Required work> Stop at the line containing "LOVELIGHT DOWN AGAIN": repeat exactly every line of the entries below from the first up to it, plus that line, with pictures omitted.

(Caption-style text data)
☆ ☆ ☆ ☆ ☆ ☆ ☆

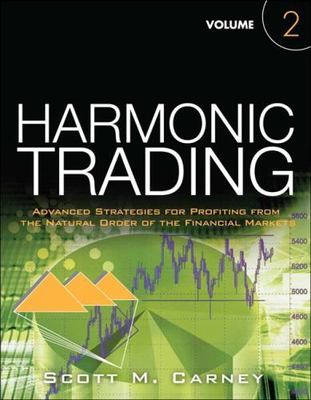 Harmonic Trading : Advanced Strategies for Profiting from the Natural Order o...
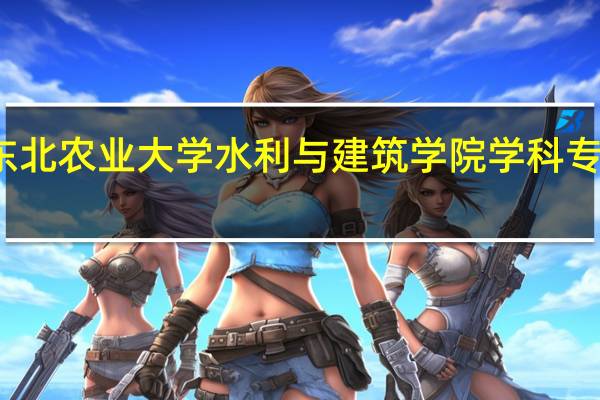 东北农业大学水利与建筑学院学科专业介绍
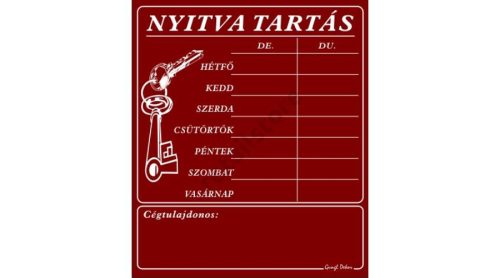 Nyitva tartás tábla cégtulajdonossal, Burgundi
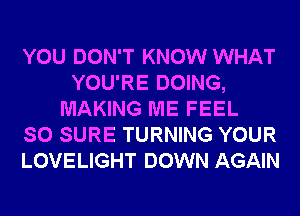 YOU DON'T KNOW WHAT
YOU'RE DOING,
MAKING ME FEEL
SO SURE TURNING YOUR
LOVELIGHT DOWN AGAIN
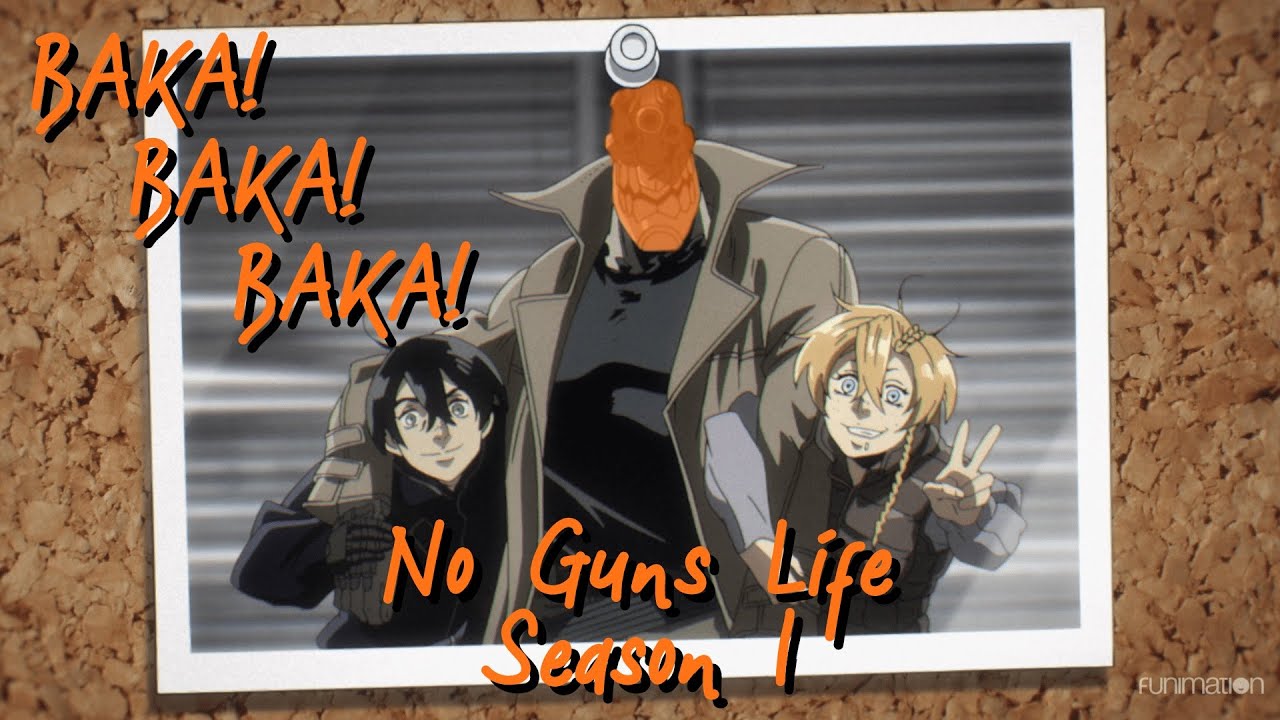 Baka! Baka! Baka! - 106:  No Guns Life Season 1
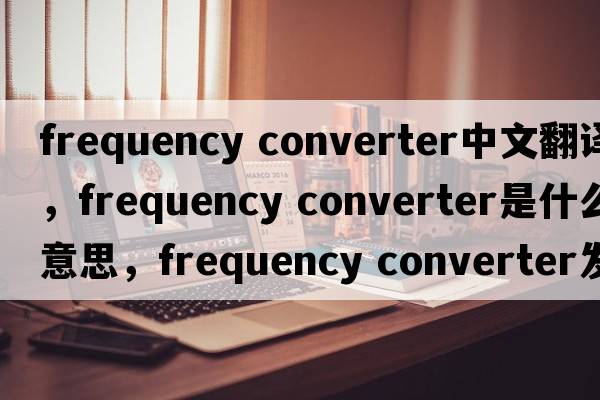 frequency converter中文翻譯，frequency converter是什么意思，frequency converter發(fā)音、用法及例句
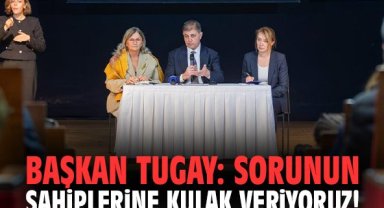 Başkan Tugay: Sorunun sahiplerine kulak veriyoruz!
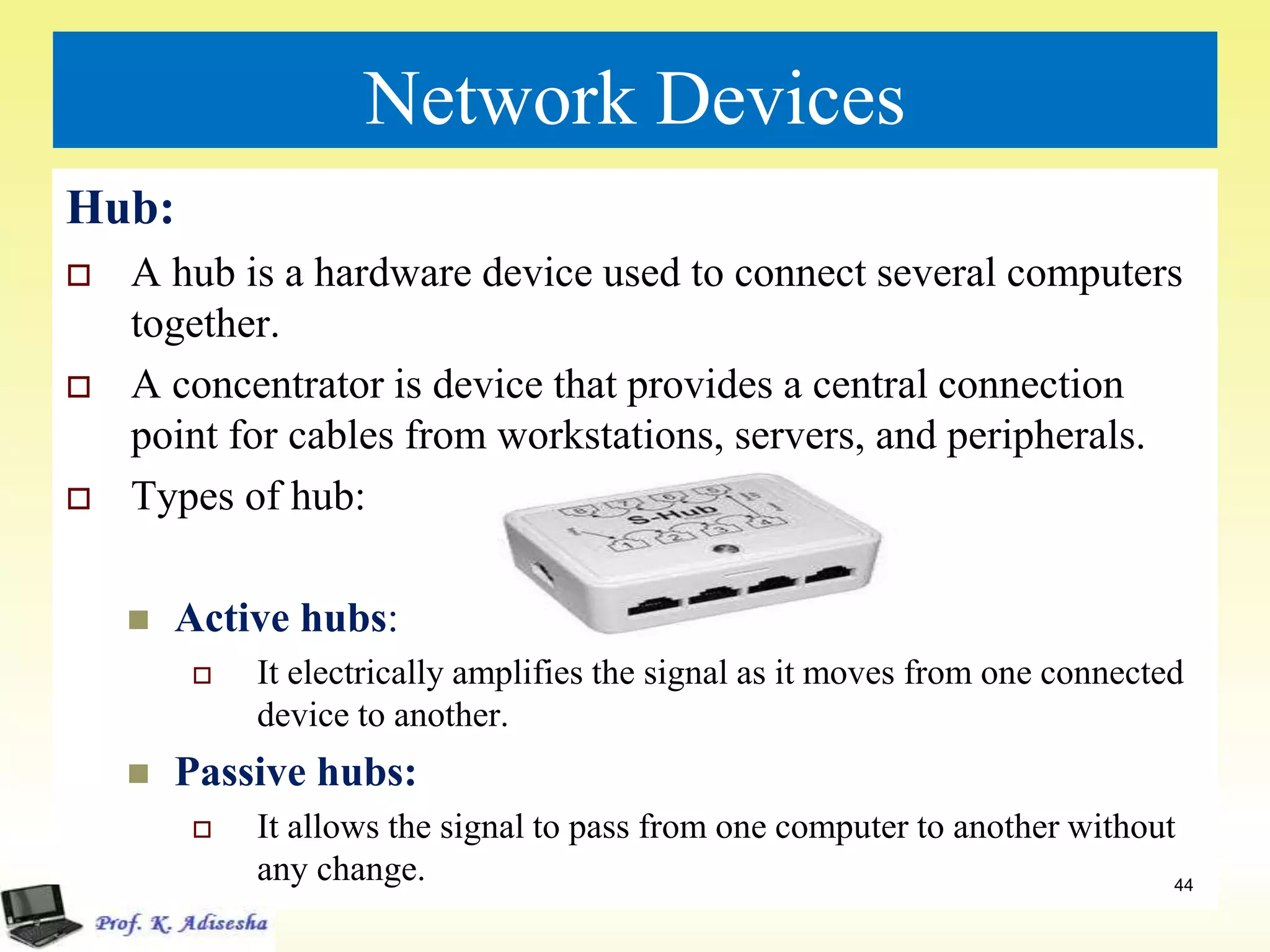 Network Devices
Hub:
 A hub is a hardware device used to connect several computers
together.
 A concentrator is device that provides a central connection
point for cables from workstations, servers, and peripherals.
 Types of hub:
 Active hubs:
 It electrically amplifies the signal as it moves from one connected
device to another.
 Passive hubs:
 It allows the signal to pass from one computer to another without
any change. 44
 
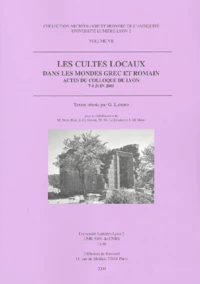 Les cultes locaux dans les mondes grec et romain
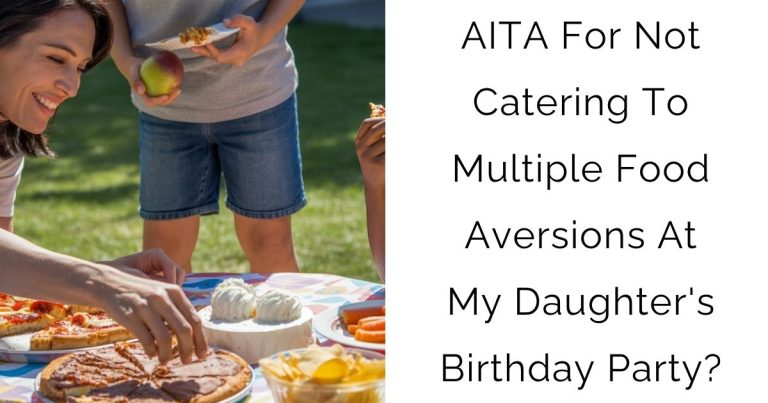 AITA For Not Catering To Multiple Food Aversions At My Daughter’s Birthday Party?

☆ ☆ ☆ ☆ ☆ ☆ ☆

Written response>
 Harmonic Trading : Advanced Strategies for Profiting from the Natural Order o...
 东北农业大学水利与建筑学院学科专业介绍
 Nyitva tartás tábla cégtulajdonossal, Burgundi
 YOU DON'T KNOW WHAT
YOU'RE DOING,
MAKING ME FEEL
SO SURE TURNING YOUR
LOVELIGHT DOWN AGAIN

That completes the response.